Emmi Bonhoeffer
Emmi Bonhoeffer (née Emilie Delbrück) was the wife of anti-Hitler activist Klaus Bonhoeffer and sister-in-law of theologian, Dietrich Bonhoeffer. She was born on May 13, 1905, in Berlin. She died on March 12, 1991, in Düsseldorf. She married Bonhoeffer on September 3, 1930.[1]
Klaus was chief counsel of the Lufthansa Airline Company and was the leading civilian member of the military resistance to the Hitler regime. While occupied with raising their children, Emmi supported her husband's decision to oppose Nazism, assisting him on countless occasions both morally and practically. Her husband was arrested in October, 1944 in connection with the plot to kill Hitler. He was sentenced to death in February, 1945, and killed by the SS as the war was ending on April 23, 1945.[1]
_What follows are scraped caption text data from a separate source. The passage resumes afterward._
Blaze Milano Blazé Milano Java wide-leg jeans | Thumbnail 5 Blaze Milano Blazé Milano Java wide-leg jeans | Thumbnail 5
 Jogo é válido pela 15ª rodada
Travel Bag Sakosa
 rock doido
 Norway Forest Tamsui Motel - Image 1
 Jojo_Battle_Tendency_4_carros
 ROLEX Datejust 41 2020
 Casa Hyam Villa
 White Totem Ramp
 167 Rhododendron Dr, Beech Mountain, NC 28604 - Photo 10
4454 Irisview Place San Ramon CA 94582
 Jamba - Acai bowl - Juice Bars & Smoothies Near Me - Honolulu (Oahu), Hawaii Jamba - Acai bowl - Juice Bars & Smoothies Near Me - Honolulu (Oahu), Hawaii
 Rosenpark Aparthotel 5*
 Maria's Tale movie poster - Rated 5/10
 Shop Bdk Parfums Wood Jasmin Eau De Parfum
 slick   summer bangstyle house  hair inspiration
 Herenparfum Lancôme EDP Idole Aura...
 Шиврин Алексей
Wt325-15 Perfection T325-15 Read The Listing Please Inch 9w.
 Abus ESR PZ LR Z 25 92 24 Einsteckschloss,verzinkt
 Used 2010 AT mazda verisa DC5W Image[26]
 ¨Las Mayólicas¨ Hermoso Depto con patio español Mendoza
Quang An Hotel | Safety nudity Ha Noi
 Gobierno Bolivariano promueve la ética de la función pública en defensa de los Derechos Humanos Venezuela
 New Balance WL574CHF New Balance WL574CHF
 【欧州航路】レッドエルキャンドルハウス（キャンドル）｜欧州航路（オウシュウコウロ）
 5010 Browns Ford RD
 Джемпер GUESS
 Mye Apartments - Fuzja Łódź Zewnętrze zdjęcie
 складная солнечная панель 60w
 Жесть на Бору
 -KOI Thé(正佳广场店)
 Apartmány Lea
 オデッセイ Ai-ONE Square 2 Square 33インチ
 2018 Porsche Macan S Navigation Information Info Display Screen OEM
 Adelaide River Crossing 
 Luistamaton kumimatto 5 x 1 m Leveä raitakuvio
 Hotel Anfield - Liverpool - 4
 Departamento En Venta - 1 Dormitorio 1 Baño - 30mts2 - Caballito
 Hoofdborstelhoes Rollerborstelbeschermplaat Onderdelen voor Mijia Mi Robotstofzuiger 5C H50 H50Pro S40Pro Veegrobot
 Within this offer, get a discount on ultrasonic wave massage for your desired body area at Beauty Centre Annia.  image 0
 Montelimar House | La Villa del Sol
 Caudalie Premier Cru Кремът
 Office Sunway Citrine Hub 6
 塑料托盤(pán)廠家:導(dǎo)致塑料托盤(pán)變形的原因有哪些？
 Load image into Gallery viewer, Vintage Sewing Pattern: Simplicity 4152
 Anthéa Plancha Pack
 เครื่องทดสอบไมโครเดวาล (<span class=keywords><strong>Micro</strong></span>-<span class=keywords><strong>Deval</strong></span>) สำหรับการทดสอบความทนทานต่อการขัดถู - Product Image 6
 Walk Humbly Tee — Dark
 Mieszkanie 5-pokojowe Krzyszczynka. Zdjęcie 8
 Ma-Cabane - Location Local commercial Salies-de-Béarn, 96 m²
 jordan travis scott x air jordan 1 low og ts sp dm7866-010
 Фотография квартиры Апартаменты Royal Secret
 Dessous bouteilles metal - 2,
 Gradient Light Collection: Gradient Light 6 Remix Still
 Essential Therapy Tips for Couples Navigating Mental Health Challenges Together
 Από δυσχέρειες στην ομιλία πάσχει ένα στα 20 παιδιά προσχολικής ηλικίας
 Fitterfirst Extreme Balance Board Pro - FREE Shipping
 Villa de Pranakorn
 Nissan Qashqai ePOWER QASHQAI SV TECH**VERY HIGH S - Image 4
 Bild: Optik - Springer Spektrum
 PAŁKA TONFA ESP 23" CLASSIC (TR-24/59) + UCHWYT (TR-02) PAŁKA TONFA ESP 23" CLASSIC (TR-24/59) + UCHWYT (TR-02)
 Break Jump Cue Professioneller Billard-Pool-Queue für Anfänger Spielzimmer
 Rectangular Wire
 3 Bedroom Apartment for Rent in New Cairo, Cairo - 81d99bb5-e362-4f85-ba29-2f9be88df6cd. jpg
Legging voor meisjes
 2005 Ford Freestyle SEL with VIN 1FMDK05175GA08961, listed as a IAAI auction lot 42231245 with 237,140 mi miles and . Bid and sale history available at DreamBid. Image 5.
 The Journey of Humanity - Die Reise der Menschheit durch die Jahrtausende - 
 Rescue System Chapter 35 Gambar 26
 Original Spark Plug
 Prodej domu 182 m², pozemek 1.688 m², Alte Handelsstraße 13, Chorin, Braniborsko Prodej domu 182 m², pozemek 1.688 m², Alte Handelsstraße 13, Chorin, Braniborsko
Emmi barely escaped her own death when her house was destroyed in the last days of the war. She moved with her children to Schleswig-Holstein to start a new life in June, 1945. She was active in projects aiding war refugees, as well as anti-Nazi educational work and various humanitarian efforts.[1]
Emmi Bonhoeffer was also the author of Auschwitz Trials: Letters from an eyewitness.[2]
She was the sister of biophysicist Max Delbrück.
References
- Dorothee von Meding (1997). Courageous Hearts: Women and the Anti-Hitler Plot of 1944. Berghahn Books. pp. 1–. ISBN 978-1-57181-853-9.
- Emmi Bonhoeffer (1967). Auschwitz trials; letters from an eyewitness. John Knox Press.